- Available data:
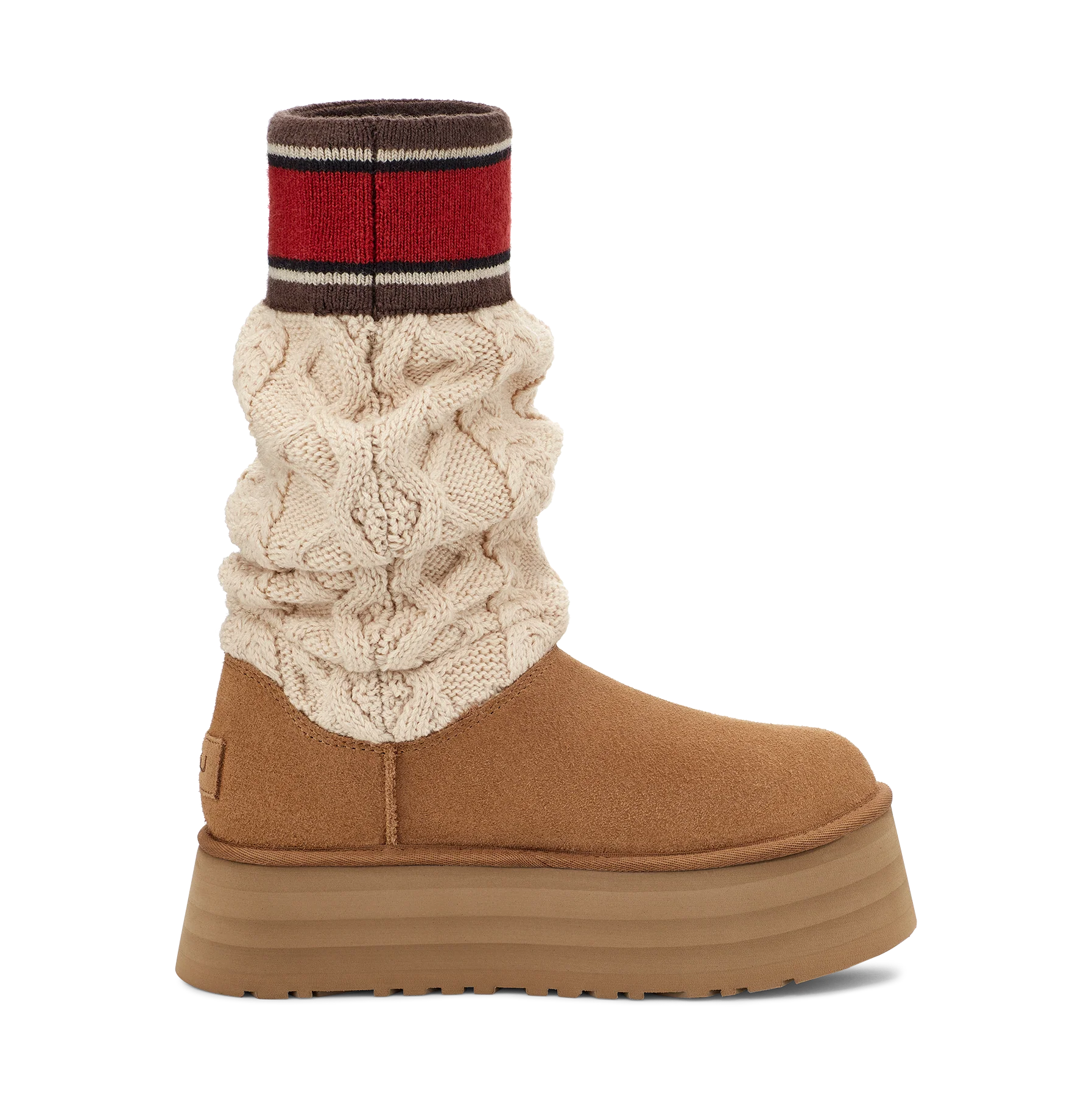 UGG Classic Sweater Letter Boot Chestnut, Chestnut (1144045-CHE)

---

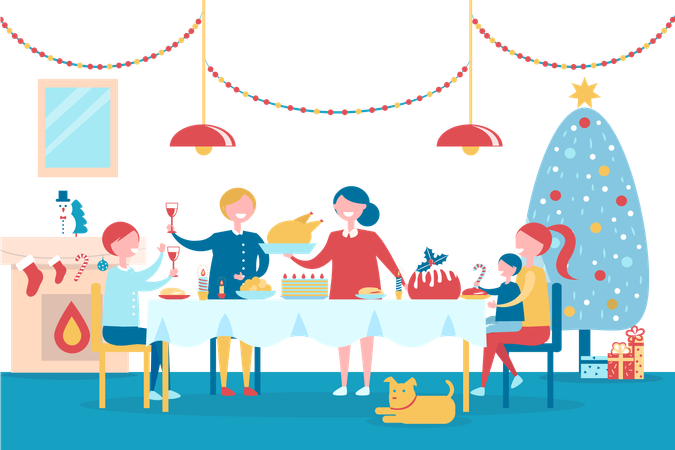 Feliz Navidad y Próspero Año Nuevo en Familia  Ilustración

* * *

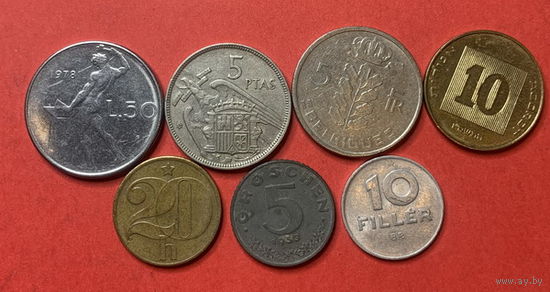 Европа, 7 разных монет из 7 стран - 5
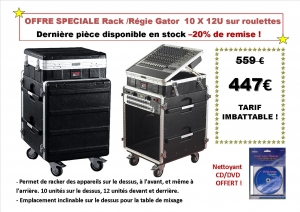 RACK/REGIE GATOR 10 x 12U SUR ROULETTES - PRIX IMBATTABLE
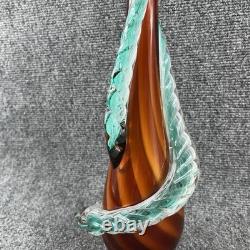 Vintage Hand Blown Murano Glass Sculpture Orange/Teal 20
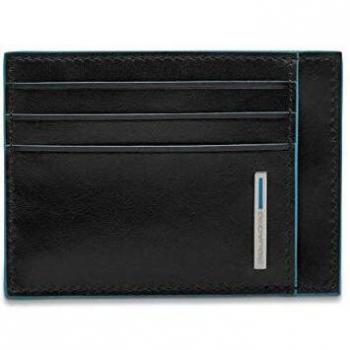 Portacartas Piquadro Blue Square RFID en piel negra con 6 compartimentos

- What the task requires:
In the listing above, find the line with "Европа, 7 разных монет из 7 стран - 5" and the line with "Portacartas Piquadro Blue". Output both, plus every line between them, and no pictures.

- Your solution:
 Европа, 7 разных монет из 7 стран - 5
 RACK/REGIE GATOR 10 x 12U SUR ROULETTES - PRIX IMBATTABLE
 Vintage Hand Blown Murano Glass Sculpture Orange/Teal 20
 Portacartas Piquadro Blue Square RFID en piel negra con 6 compartimentos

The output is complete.